The long term upper parallel in AUDUSD is still a bit higher, about .7230 now, but price did react to the underside of the trendline from the April low today and the upper parallel of the channel from the 6/15 low. We also had an 8 hour volume reversal today (see below). This is just the 7th such trigger in the last 5 years (bull and bear). There is a high volume level from today at .7125 (highest volume in exactly one month). Use that level as a reference point. Weakness below (session close, which is an 8 hour bar) would warrant a short entry.
7/21 – AUDUSD has reached the 61.8% retrace of the decline from the 2018 high at .7131. This level is bolstered by the May and December 2016 lows. I’m on alert for a reversal either now or from the upper parallel of the channel from the 2011 high / 200 week average at .7230/60.
USDJPY has been contracting for 3 months in what’s taken the shape of a triangle. Triangles tend to (not always) serve as continuation patterns. Since the move prior to the triangle was up, I’m mentally prepared for another bull leg in USDJPY. There is a high volume level from Tuesday at 106.91. Watch that for support. 108.70s remains a near term upside level. Timing wise, I like long against the recent range low (106.67). The red and blue dots on the chart below indicate inside bars at the upper and lower Bollinger bands (2 standard deviation from the 20 day average). I noticed years ago that this setup tends to occur at pivots. Bigger picture, USDJPY is in position to make a massive move. The magenta dots 2 charts down indicate when Bollinger band width (difference between the bands) has been at least as low as the current reading. Extremely tight bands tend to occur towards the end of consolidation and before a trending move.
7/20 – USDJPY continues to hold up and there is no change to the 107.70 initial target with potential for 108.70s. Risk on longs is now breakeven (107.00). Be aware of a high volume level now at 107.39 (from Monday’s Asian session). If that price is taken out then I’d pay attention to it for support.
GBPUSD still looks great. I am concerned about USD sentiment but risk is today’s low, which is well-defined and small. The April (1.2648) was resistance earlier this month and was support today. Price also closed over the 200 day average today. I like both of those things. The high volume level from today at 1.2675 and 200 day average at 1.2698 provide a range for support.
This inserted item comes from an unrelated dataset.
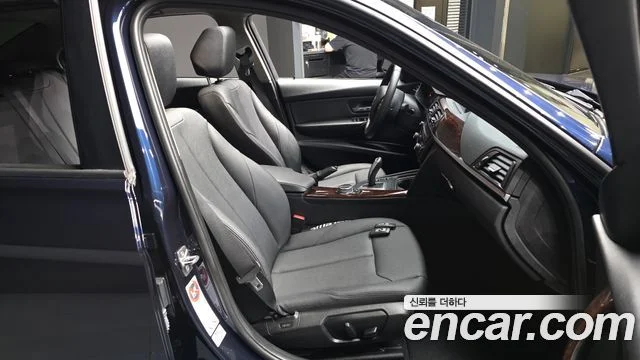 2014 BMW 3 Series (F30)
Upside focus is the median line, currently near 1.2975.
7/20 – GBPUSD looks great and support should be 1.2625 now on its way to the June high at 1.2814 and possibly the longer term median line near 1.2960. What ‘annoys’ me is the extreme sentiment towards the USD generally (a lot of bears out there…DXY speculative shorts are the highest in over 7 years). It’s possible though that GBPUSD holds up and EURUSD doesn’t (Euro is 57% of DXY), which brings me to EURGBP.
Long Cable and short Aussie? It would make sense from the current level. GBPAUD reached the 61.8% retrace of the rally from October 2016 and the 200 week average today. Big level. The daily candle sports a long lower wick as well. Based on these observations, this is a good spot to take a bullish view on GBPAUD (long GBP, short AUD).
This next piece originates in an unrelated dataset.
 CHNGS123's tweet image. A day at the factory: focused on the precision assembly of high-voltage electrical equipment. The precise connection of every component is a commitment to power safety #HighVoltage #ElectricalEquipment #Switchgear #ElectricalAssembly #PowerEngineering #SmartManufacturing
No change to GBPCAD. The possible head and shoulders bottom remains in play. The bullish trigger is 1.7175. The measured objective from the pattern (if confirmed) is 1.7600.
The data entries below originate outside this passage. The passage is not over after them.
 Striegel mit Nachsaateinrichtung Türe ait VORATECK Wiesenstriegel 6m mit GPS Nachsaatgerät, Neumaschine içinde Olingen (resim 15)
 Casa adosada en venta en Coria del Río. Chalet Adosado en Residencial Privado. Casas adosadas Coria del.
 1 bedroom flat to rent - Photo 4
7/19 – USDCAD (not shown) is trying to break above channel resistance from the March high and I remain constructive GBPUSD so I thought that it would be interesting to look at GBPCAD. I did…and it is interesting! A nearly 2 month head and shoulders bottom may be in the works and price held the trendline from the August 2019 low. The neckline for a breakout is 1.7175 but I’m constructive while above 1.6940. There is a short term trendline near 1.7120 early in the week that is worth monitoring for a breakout.